CU Loses First Round in Mortgage Case
Despite support from the federal government, Hudson Valley FCU lost the battle in a New York State trial court over whether it or its members have to pay a mortgage-recording tax.
New York Supreme Court Justice Judith Gische ruled that based on previous cases, the courts had determined that the tax is not a tax on property but a "privilege," and therefore not part of the tax exemption granted to federal credit unions under the Federal Credit Union Act. She also dismissed the claim that the U.S. Constitution's Supremacy Clause exempted Hudson Valley FCU from the tax.
She issued the ruling on May 14, but filed it with the court clerk on May 20.
Gische wrote that she was "constrained to follow" precedent set by New York's highest court, the Court of Appeals, even though two U.S. Supreme Court decisions "seemingly lend support to Hudson Valley's argument that New York State's MRT [mortgage-recording tax] is, likewise, a tax on 'property'."

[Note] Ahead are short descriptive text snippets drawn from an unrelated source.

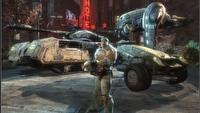 Unreal Tournament III gotowy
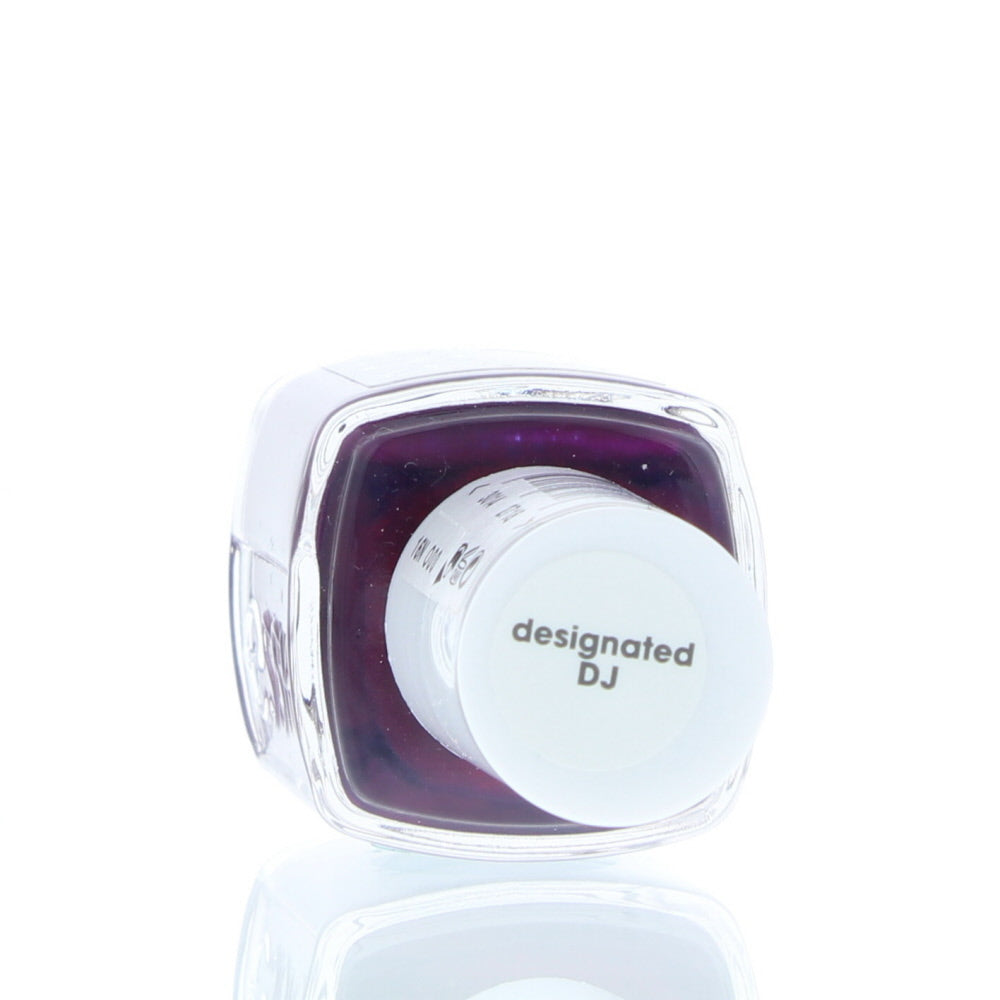 Essie 482 Designated Dj Nail Polish 13.5ml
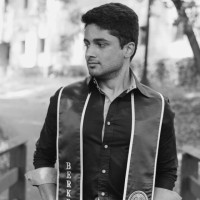 SYNVIVIA Employee Saahil Singh's profile photo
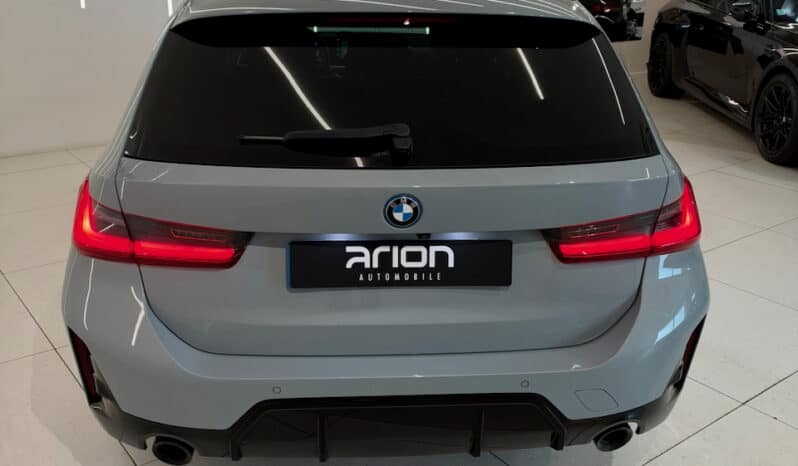 
								BMW Série 3 G21 Touring 320 e 2.0 204 ch Plug in Hybrid M Sport full									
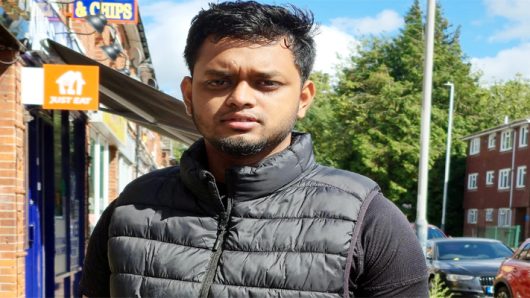 বিশ্বনাথে ছাত্রশিবির নেতার বাড়িতে হামলা ও ভাংচুর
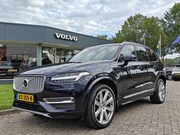 Volvo XC90 - T8 408PK Twin Engine AWD Inscription | BLIS | Trekhaak | Luc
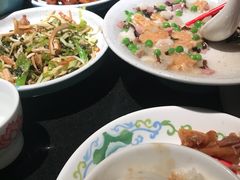 -老头儿油爆虾·知味杭州(爱琴海购物中心)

Gische said she agreed with the New York State Department of Taxation and Finance's argument that a 2001 U.S. Supreme Court decision that national banks and cooperatives enjoyed no greater immunity than is expressly spelled out in a state law.
CUNA and NAFCU both filed amicus briefs on behalf of Hudson Valley FCU as did the U.S. Department of Justice.
Dale Lois, one of the attorneys representing Hudson Valley FCU, said he was pleased by parts of Gische's decision and his client "looks forward to moving ahead with the next part of the process."
The credit union has 30 days after it is officially served with the decision by court officials to file an appeal.
Eli Mattioli, another attorney representing Hudson Valley FCU, said the U.S. Supreme Court has ruled in three cases-including one decided after the two New York cases that Gische cited in her decision-that the state cannot impose a recording tax on any federally chartered entity.
The U.S. Supreme Court decisions that could help the credit union's case were handed down in 1923, 1939 and 1961 and the New York cases were decided in 1939 and 1959.
Hudson Valley FCU is seeking a refund of $1.9 million in taxes paid in a separate but related administrative matter.
In its court filing, New York State attacked the notion that federally chartered credit unions are instrumentalities of the federal government for purposes of these taxes.
But the Justice Department held in its brief that federal entities are "constitutionally immune from taxation absent express congressional consent to the contrary."
The case is titled Hudson Valley FCU v. New York State Department of Taxation & Finance.